Conversely, Germany made a significant strategic error when they opened up the eastern front against Soviets before Britain was removed. Hitler's flank was secure and his rear was sufficiently covered via the Molotov-Ribbentrop Pact. Operation Sealion had yet to be launched in full so that the newly-formed Churchill government would be removed from the equation. And yet Operation Barbarossa was still sent directly into Russia's teeth with over three million soldiers marching for Moscow to respond to the possible threat caused by the Soviet invasion of the Baltic states. We all know how well that worked out for the Third Reich.

And so we apply this to the situation in 2002. Afghanistan was not yet secured, with roving bands of Taliban soldiers still in play. The border with Pakistan had yet to be secured, if such a goal was ever possible. And the primary public casus belli for the invasion of Afghanistan, the price on Osama bin Laden's head, had yet to be credited to our morale account. While many of the conditions for absolute victory were within the grasp of the American military in Afghanistan, we had yet to fully obtain them before reassigning a significant percentage of our troop strength to the launch of Operation Iraqi Freedom on 20 March 2003, thereby creating the effect of an unnecessary war on two fronts.

Admittedly, this effect is difficult to see when one solely views the American news media reports, as events in Afghanistan are rarely reported here in the U.S. for various reasons, yet the effect is not unfelt. In neither theater of operations can we concentrate our forces in sufficient number to completely eliminate a ground-level insurgency campaign. In Afghanistan, this is exasperated by the fact that the physical terrain is well-suited to guerrilla operations, much as the Soviet Union found to their dismay in the 1980's. In Iraq, this is exasperated by the fact that the social terrain is well-suited to the camouflage of insurgent operations, with the religious devisions providing both ample cover for existing efforts and ample recruiting grounds for further operations.

Given the public desire of the President to secure overwhelming victory, it is surprising that an initial overwhelming troop presence was resisted so strongly. My personal speculation is that the military and political leadership were looking for, in the reputed words of Vyacheslav von Plehve, "a short, victorious war." Iraq was reportedly within the gunsights of the Administration on the first day after the inauguration. Rumors of Secretary Rumsfeld and others within the Administration requesting data to tie together Iraqi involvement in the 9/11 attacks are too numerous to link.

In essence, Operation Iraqi Freedom was a political exercise, not a military exercise. In few areas is this more understood than via the administration of the Coalition Provisional Authority, whether in regards to the contract awarding process (PDF warning and strong liberal stance warning) or the appointment of loyal party members to positions within the CPA who then return to the White House for federal appointments. (One example of many.)

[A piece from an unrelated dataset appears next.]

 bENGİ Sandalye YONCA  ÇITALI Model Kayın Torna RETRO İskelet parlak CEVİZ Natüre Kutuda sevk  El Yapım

(SERIOUS PARENTHETICAL ASIDE: Hmm. The phrase "loyal party members" reminds me of something. But what could it be? Is there a connection between the operational and strategic organization of the Soviet-style Communist Party and the modern-day Republican Party? Obviously there are differences in political philosophy and I would not care to suggest that there is no philosophical difference. Yet the application of management theories are, at first blush, remarkably similar. See also: 11th Commandment.)

And then comes the home front. In theory, all politicians today are working in order to "support the troops, regardless of partisan affiliation. Yet, for the first four years after the Iraqi invasion, the "war" was treated with a business-as-usual attitude in Washington, D.C. While the reporting of Josh Marshall has defined a vast majority of them, I have one significant point that seems to have gone unnoticed by the vast majority of the punditocracy.

At no time in the history of warfare has a government been able to both cut taxes and win battles. None. At all. Period. Wars cost lots of money, both to train the soldiers on the ground and to supply them with weapons. Why is this? Because wars are expensive. Kennedy and Johnson tried cutting taxes during Vietnam, but even Richard Nixon realized that we needed to increase our revenue if we were to be successful. During World War 2, the United States saw the largest tax expansion in history. During the War Between The States, we instituted the inheritance tax. The taxes that sparked the Revolutionary War were to pay for the defense of the colonies and to restore the British military after the French-Indian War. All of the Crusades saw further taxes levied against the yeomanry and peasantry. Rome raised taxes to conquer Gaul. The Achaeans probably raised taxes to defeat the Trojans. And in the Stone Age, Ogg would have raised taxes to defeat Ugg and take his fire if such a concept existed back then.

You cannot win battles without spending the money. You cannot spend the money unless you have the money. The President has been more than willing to request money to spend. He has been reluctant to find ways to get the money in the bank in the first place. And the reason for this is simple: it is against the political philosophy of the Republican Party to raise taxes. Yet wars, whether declared or not, are supposed to be such significant events that a temporary breach in philosophy is necessary. Therefore, the continued resistance of the White House to the raising of taxes will continue to baffle me, particularly after launching into the stock "do whatever it takes" line to create and maintain a secure Iraq.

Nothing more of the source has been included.